Das Bundesverfassungsgericht hat das Heizungsgesetz vorerst gestoppt. Das ist eine peinliche Niederlage für die Regierung, kommentiert Tobias Peter.

Man stelle sich nur einmal einen Schüler vor, der seine Hausaufgabe verspätet abgibt. Und der dann den Lehrer anblafft: „Machen Sie ein bisschen Zack-Zack beim Korrigieren! Morgen früh will ich das zurückhaben – mit einer guten Note.“ Diese Dreistigkeit würde kein Pädagoge hinnehmen.

Doch exakt so verhalten sich SPD, Grüne und FDP gegenüber dem Parlament. Erst zoffen sie sich endlos untereinander – und dann sollen die Abgeordneten nach einer Ampel-Einigung in Rekordzeit über Gesetzestexte entscheiden. Das ist unverschämt. Deshalb hat das Verfassungsgericht das Heizungsgesetz zu Recht vorerst gestoppt.

Mehr Unvermögen als schlechte Absichten

Es ist kein böser Wille seitens der Bundesregierung, dem Parlament solche Zeitpläne zuzumuten. Deutschland erlebt und erleidet gerade eine Ampel-Koalition, die dauernd auseinanderdriftet. Kaum scheinen die drei Parteien einig, stellt schon wieder jemand den gefundenen Kompromiss infrage. Beim Heizungsgesetz haben insbesondere FDP und Grüne sich so lange gegenseitig bekriegt, dass die Zeit vor der Sommerpause drängte.

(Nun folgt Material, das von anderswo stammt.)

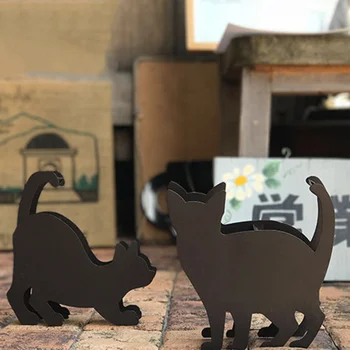

1pcs Mosquito Coil Holder Cat Shape Fashion Creative Unique Can Mosquito Coil Bracket for Ornament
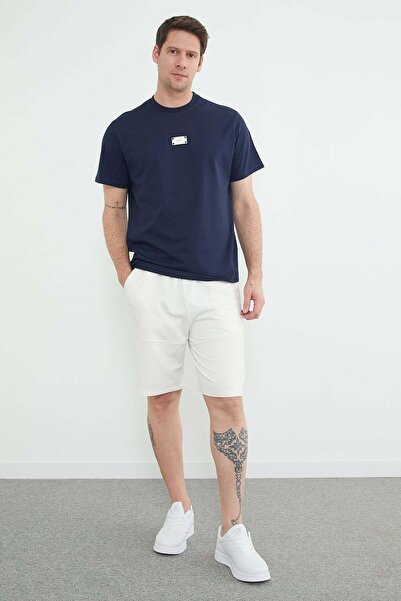 Fulla Moda Σορτς με ελαστική μέση και κορδόνια, με ανάγλυφο σχέδιο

Auch wenn die Ampel die Rechte des Parlaments mehr aus Unvermögen als aus schlechten Absichten heraus missachtet, ist ihr Vorgehen respektlos. Eine Respektlosigkeit gegenüber den Abgeordneten ist eine gegenüber den Bürgerinnen und Bürgern. Die Abgeordneten sind als Volksvertreter in den Bundestag gewählt. Bedeutet: Jede und jeder einzelne von ihnen muss stellvertretend für die Menschen im Land und insbesondere im Wahlkreis entscheiden, ob aus politischen Vorschlägen Gesetze werden sollen. Zugegeben: Der Arbeitsalltag eines Parlamentes sieht so aus, dass nicht jeder Parlamentarier jedes einzelne Gesetz bis zum letzten Komma überprüfen kann. Die Fraktionen teilen sich in Arbeitsgruppen auf, der Experte für Thema A verlässt sich auf den Experten für Thema B und umgekehrt. Doch auch die Fachleute in den Fraktionen benötigen Zeit, um ein Gesetz zu prüfen. In wichtigen Fällen – dazu gehört das Heizungsgesetz – muss jeder einzelne Abgeordnete sich zu Recht im Wahlkreis fragen lassen, ob er eigentlich wirklich genau weiß, worüber er abgestimmt hat.

Das Erbe des Peter Struck

Im Bundestag gilt das so genannte Strucksche Gesetz, benannt nach dem früheren SPD-Fraktionschef Peter Struck. Es besagt, dass kein Gesetzentwurf den Bundestag so verlässt, wie er hineingekommen ist. Das Strucksche Gesetz ist noch nie so zutreffend gewesen wie beim Heizungsgesetz. Der Regierungsentwurf ist durch die zähen Nachverhandlungen der Koalitionsfraktionen untereinander deutlich besser geworden. Das Gebäudeenergiegesetz und die Wärmeplanungen der Kommunen werden nun miteinander verschränkt. So kann die Wärmewende gelingen. Nur: In diesem Fall ist jedes einzelne Detail für viele Menschen im Land wichtig. Deshalb muss auch die Opposition die Chance haben, das geplante Gesetz genau zu durchleuchten.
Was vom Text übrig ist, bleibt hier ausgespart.